# Work task
Transcribe the entries below word for word, beginning at the line with "Alexander McQueen Silk" and stopping after the line with "Hammerton CNB0066-03-BS-GC-CH2-L1 - Aster"; drop all pictures.

# Exercise input
+++++
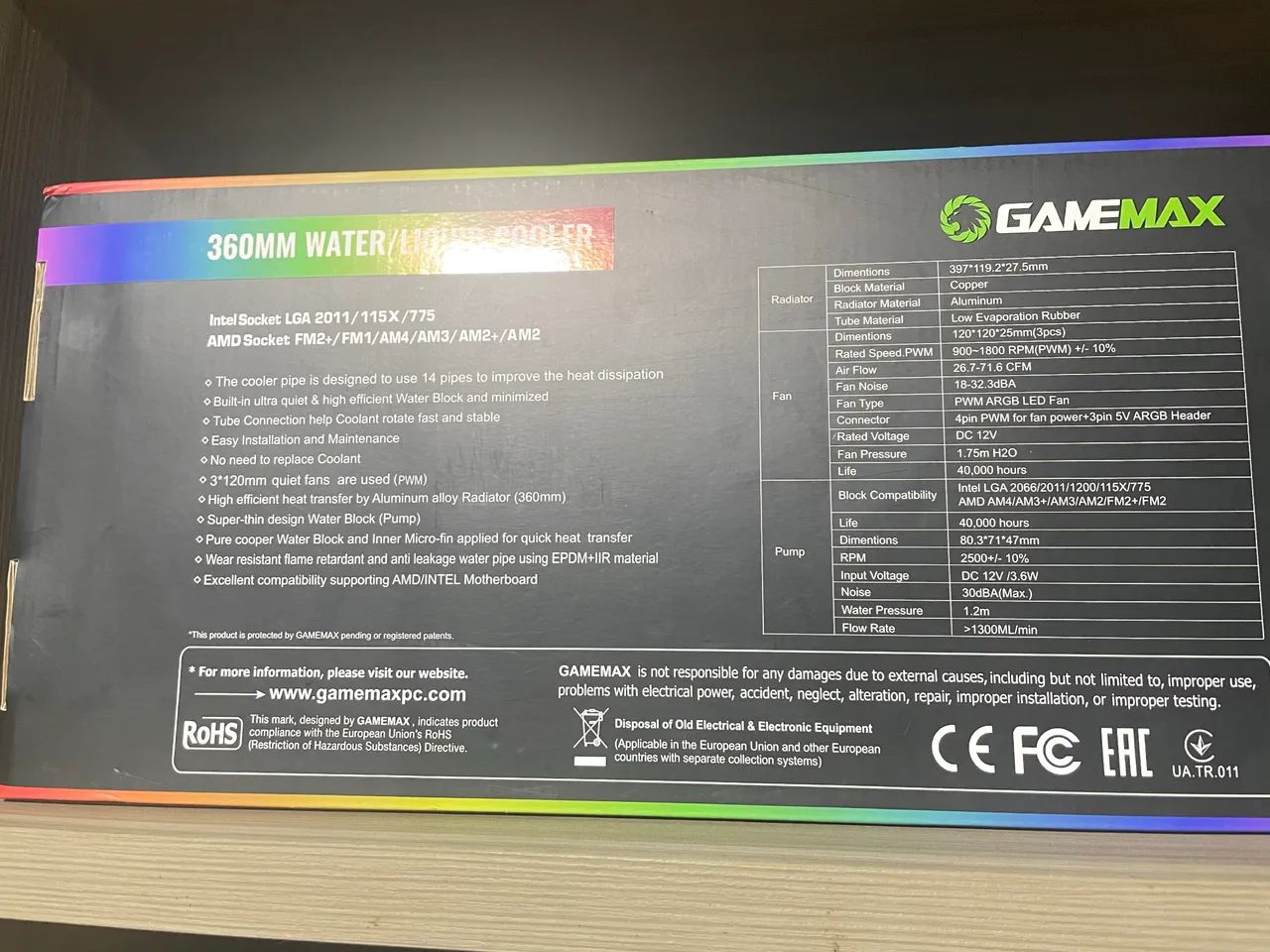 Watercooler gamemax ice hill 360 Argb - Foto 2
+++++
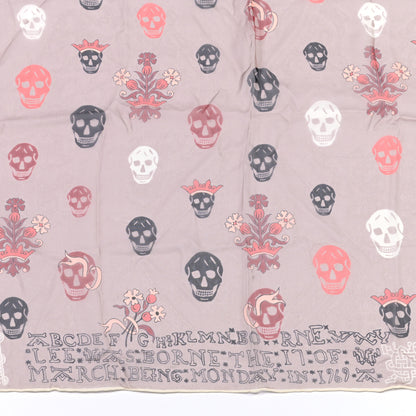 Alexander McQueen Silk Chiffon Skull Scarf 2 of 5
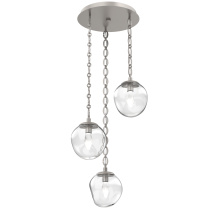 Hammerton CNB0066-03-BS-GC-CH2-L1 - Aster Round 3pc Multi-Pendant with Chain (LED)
+++++
# Written solution
 Alexander McQueen Silk Chiffon Skull Scarf 2 of 5
 Hammerton CNB0066-03-BS-GC-CH2-L1 - Aster Round 3pc Multi-Pendant with Chain (LED)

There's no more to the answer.